Quién le pone precio a la muerte. Quién la cataloga, le asigna un valor de mercado y le cuelga una etiqueta al cadáver. Juan Urbano se hizo todas esas preguntas después de haberse mojado de la cabeza a los pies en el río de tinta que los periódicos le dedicaban al regreso de ETA a sus pistolas y nada más llegar, cuarenta páginas más tarde, a la noticia de que otro trabajador había muerto en un accidente laboral, en un polígono de las afueras de Madrid. Por desgracia, la modesta crónica de ese suceso era una noticia, pero no una novedad, porque se trataba sólo de la víctima nueva de un viejo drama, ni más ni menos que la número 54 en lo que va de 2007... ¿Qué pasaría si a ese medio centenar largo de personas las hubiera asesinado una banda terrorista? El ruido de sus cuerpos al caer a tierra hubiese dado lugar a un terremoto político y habría llenado el Parlamento de discursos amarillos y la prensa de titulares negros al rojo vivo. "Cuando la muerte iguala las fortunas, las pompas fúnebres no deberían diferenciarlas", escribió Montesquieu, pero es evidente que no se le hace mucho caso. Tal vez será porque, en el fondo, con los difuntos pasa igual que con los vivos y todo depende del número de altavoces que se le ponga a cada cosa, de las ventajas publicitarias que se le puedan sacar o del modo en que ciertos políticos quieran llegar a la cumbre inventando una montaña con la misma arena que las palas sacan a la superficie al cavar las sepulturas. "Ya ves tú, a nosotros van a venir a explicarnos cómo crecen algunos a base de subirse encima de los muertos", se dijo Juan, sintiendo un sabor amargo en la boca.

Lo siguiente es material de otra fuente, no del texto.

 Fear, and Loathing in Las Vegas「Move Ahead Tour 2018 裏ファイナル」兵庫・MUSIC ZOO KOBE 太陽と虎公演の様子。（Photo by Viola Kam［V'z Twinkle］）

Desgraciadamente, los muertos también se agrupan por categorías, según los beneficios que le puedan reportar a determinados vivos que, en los peores casos, se comportan como Fidel Castro cuando, para demostrarle al mundo que Estados Unidos había financiado el intento de invasión de Cuba y que sus soldados por lo civil y por lo militar habían participado en él, amenazaba con poner sobre las mesas de la ONU el cadáver de un oficial norteamericano abatido durante los combates en la isla. Pero el problema de las muertes en el tajo es que, por lo visto, no producen demasiado interés social, ni siquiera durante las campañas electorales, que es cuando la mayor parte de las cosas cambia de tamaño, hasta el punto de que cuando algún gobernante o candidato hace una promesa relacionada con ese asunto, como la que hizo la presidenta de la Comunidad de Madrid, Esperanza Aguirre, comprometiéndose a hacer públicos los nombres de las empresas que incumplían las normas de seguridad obligatorias, esas promesas pronto se evaporan, se barren bajo las banderas o unos y otros negocian su olvido. A Juan le dio miedo y asco preguntarse si la humildad de las víctimas sería la razón de la poca importancia que se le da a su muerte. ¿Acaso es que importan menos por ser simples obreros, y en muchos casos inmigrantes, como el del hombre número 54, el fallecido en el polígono de Torrejón de la Calzada, que deja mujer y un hijo a este lado del más allá, como tantos caídos en un atentado?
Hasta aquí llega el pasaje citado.